En el Día de los Muertos nada mejor que subvertir la estúpida idea de que resulta muy difícil convencerse de la existencia de la vida eterna. Yo creo que es justo al revés.
Antes de contarle por qué, una derivada, a las que soy tan aficionado, condición que tiene la virtud de sacar de sus casillas a todos cuantos me rodean: lo natural no es sino una derivada de lo sobrenatural. Por eso, cuando lo natural no aspira a lo sobrenatural, se queda en antinatural. Esta última proposición es la más interesante y brillante de todas, razón por la que no es mía: es de Chesterton. Pero se la robo y no pasa nada.

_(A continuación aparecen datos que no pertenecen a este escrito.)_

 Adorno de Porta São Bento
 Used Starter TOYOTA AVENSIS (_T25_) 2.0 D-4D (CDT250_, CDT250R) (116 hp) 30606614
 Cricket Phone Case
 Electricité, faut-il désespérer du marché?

Quiero decir que cuando una verdad de fe nos suena rara, cuando menos extraña o difícilmente aceptable, no suele ser porque estemos confundidos con lo invisible y elevado sino que nos hemos estancado en lo prosaico, en el mueble con el que tropezamos cada mañana.

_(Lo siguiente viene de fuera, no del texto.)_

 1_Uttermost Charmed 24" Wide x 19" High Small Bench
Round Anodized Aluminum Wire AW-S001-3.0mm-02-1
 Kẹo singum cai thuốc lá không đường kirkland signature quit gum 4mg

¿Por qué existen todos los argumentos y alguno más para concluir que existe una vida eterna, que empieza más allá de la muerte? Sencillo: ¿qué es la muerte? La separación entre el cuerpo y el alma. Si lo prefieren en laico, la separación entre el cuerpo y el espíritu, o la psique, o la mente, o la personalidad, o la sensibilidad o el aura, o como quieran llamarlo... de inmediato, la materia comienza a degenerar.
Ahora bien, el espíritu no tiene partes que separar, ni empieza ni termina en sitio alguno, está fuera del espacio y también del tiempo, al menos si éste lo definimos como la duración de lo mudable.
En resumen: podemos matar al cuerpo pero no al espíritu. El espíritu sobrevive al cuerpo porque no puede morir.
¿Y qué es el espíritu? Es lo que conoce y ama, nada menos que eso... y no tiene otro remedio que vivir eternamente.
Ergo, ¿mis seres queridos han muerto? Su cuerpo sí, pero siguen tan vivos como yo, sin materia pero libres de las lamentables limitaciones del espacio y del tiempo.
Día de Difuntos. ¿Estás muerto? De eso nada, monada. La vida es eterna. No puede ser de otro modo.